Exercise prompt: With the material below, print exactly the lines between the line holding "Oregano Herrenhausen Dedaunan" and the line holding "Erica umbellata.08", inclusive. Add nothing else.

Task inputs:
============
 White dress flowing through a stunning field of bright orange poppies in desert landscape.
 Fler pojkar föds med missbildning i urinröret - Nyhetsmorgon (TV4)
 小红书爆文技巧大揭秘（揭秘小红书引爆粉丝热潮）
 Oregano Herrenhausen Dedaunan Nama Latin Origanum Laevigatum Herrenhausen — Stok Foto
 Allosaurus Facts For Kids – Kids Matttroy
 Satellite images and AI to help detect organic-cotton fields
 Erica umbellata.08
============
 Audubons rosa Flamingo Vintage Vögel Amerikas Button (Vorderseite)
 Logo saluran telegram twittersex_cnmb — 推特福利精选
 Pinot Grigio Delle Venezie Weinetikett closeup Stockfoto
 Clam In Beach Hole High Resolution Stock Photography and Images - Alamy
============
Output for this task:
 Oregano Herrenhausen Dedaunan Nama Latin Origanum Laevigatum Herrenhausen — Stok Foto
 Allosaurus Facts For Kids – Kids Matttroy
 Satellite images and AI to help detect organic-cotton fields
 Erica umbellata.08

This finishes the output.